Often I see people asking why they can't create more than around 2000 threads in a process. The reason is not that there is any particular limit inherent in Windows. Rather, the programmer failed to take into account the amount of address space each thread uses.

A thread consists of some memory in kernel mode (kernel stacks and object management), some memory in user mode (the thread environment block, thread-local storage, that sort of thing), plus its stack. (Or stacks if you're on an Itanium system.)

Usually, the limiting factor is the stack size.

#include <stdio.h>
#include <windows.h>

DWORD CALLBACK ThreadProc(void*)
{
 Sleep(INFINITE);
 return 0;
}

int __cdecl main(int argc, const char* argv[])
{
int i;
 for (i = 0; i < 100000; i++) {
  DWORD id;
  HANDLE h = CreateThread(NULL, 0, ThreadProc, NULL, 0, &id);
  if (!h) break;
  CloseHandle(h);
 }
 printf("Created %d threads\n", i);
 return 0;
}

This program will typically print a value around 2000 for the number of threads.

Why does it give up at around 2000?

Because the default stack size assigned by the linker is 1MB, and 2000 stacks times 1MB per stack equals around 2GB, which is how much address space is available to user-mode programs.

You can try to squeeze more threads into your process by reducing your stack size, which can be done either by tweaking linker options or manually overriding the stack size passed to the CreateThread functions as described in MSDN.
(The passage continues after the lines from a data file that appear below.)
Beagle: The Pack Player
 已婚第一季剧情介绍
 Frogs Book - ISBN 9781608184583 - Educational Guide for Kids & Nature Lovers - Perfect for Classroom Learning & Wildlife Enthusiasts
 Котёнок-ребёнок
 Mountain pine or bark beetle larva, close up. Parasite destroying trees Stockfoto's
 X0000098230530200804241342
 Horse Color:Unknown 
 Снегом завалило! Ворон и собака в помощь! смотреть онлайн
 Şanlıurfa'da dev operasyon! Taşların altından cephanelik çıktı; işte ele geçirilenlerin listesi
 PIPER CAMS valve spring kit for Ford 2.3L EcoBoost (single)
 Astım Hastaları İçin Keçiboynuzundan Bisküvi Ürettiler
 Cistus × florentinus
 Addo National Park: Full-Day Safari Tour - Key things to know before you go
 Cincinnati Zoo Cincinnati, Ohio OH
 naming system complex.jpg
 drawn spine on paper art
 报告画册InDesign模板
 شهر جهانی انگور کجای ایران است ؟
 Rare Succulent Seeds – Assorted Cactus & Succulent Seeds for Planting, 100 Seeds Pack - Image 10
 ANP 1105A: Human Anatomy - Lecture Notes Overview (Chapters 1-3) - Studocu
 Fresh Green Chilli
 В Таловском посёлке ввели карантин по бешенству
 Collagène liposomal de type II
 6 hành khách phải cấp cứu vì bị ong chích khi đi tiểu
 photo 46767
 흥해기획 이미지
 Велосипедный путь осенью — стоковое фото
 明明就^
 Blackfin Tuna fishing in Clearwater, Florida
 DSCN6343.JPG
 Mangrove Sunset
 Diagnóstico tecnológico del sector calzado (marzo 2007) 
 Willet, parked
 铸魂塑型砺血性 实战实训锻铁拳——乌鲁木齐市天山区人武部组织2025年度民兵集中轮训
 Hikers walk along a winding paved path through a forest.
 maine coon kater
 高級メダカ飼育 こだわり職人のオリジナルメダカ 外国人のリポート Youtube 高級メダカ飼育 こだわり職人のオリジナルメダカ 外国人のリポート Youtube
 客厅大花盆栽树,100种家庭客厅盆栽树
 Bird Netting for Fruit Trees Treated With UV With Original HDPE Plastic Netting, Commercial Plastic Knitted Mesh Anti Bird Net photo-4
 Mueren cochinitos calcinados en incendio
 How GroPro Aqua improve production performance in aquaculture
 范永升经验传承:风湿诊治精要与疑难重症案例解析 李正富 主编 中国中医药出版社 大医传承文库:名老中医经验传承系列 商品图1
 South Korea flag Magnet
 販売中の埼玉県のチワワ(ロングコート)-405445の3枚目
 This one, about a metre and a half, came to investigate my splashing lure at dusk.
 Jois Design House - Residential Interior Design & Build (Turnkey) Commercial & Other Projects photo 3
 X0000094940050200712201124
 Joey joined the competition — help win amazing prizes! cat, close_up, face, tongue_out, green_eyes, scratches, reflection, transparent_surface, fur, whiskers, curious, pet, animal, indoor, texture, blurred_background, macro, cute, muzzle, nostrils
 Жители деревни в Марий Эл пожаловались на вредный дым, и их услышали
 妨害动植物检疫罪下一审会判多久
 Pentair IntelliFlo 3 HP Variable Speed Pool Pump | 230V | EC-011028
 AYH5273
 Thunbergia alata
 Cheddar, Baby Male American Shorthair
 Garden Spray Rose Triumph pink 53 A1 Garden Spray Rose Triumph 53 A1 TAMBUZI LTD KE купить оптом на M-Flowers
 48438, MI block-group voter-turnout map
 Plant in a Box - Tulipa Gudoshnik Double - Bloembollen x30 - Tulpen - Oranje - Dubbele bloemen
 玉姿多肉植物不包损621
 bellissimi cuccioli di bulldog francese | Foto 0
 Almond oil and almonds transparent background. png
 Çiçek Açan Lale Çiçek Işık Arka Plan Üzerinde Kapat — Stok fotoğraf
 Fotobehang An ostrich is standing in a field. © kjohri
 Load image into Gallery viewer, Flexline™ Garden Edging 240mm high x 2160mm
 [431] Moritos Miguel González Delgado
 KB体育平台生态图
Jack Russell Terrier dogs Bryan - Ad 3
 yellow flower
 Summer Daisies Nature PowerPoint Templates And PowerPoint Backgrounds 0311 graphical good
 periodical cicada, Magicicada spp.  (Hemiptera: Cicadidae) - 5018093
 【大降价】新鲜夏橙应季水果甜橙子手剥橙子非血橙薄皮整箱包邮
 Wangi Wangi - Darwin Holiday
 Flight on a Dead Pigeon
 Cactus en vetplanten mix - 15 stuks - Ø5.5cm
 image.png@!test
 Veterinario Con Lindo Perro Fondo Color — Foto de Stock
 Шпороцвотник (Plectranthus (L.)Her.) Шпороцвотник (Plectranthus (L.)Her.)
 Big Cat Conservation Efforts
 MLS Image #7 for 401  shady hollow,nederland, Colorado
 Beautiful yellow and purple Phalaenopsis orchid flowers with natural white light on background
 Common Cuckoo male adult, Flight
  HANDLE h = CreateThread(NULL, 4096, ThreadProc, NULL,
               STACK_SIZE_PARAM_IS_A_RESERVATION, &id);

With this change, I was able to squeak in around 13000 threads. While that's certainly better than 2000, it's short of the naive expectation of 500,000 threads. (A thread is using 4KB of stack in 2GB address space.) But you're forgetting the other overhead. Address space allocation granularity is 64KB, so each thread's stack occupies 64KB of address space even if only 4KB of it is used. Plus of course you don't have free reign over all 2GB of the address space; there are system DLLs and other things occupying it.

But the real question that is raised whenever somebody asks, "What's the maximum number of threads that a process can create?" is "Why are you creating so many threads that this even becomes an issue?"

The "one thread per client" model is well-known not to scale beyond a dozen clients or so. If you're going to be handling more than that many clients simultaneously, you should move to a model where instead of dedicating a thread to a client, you instead allocate an object. (Someday I'll muse on the duality between threads and objects.) Windows provides I/O completion ports and a thread pool to help you convert from a thread-based model to a work-item-based model.

Note that fibers do not help much here, because a fiber has a stack, and it is the address space required by the stack that is the limiting factor nearly all of the time.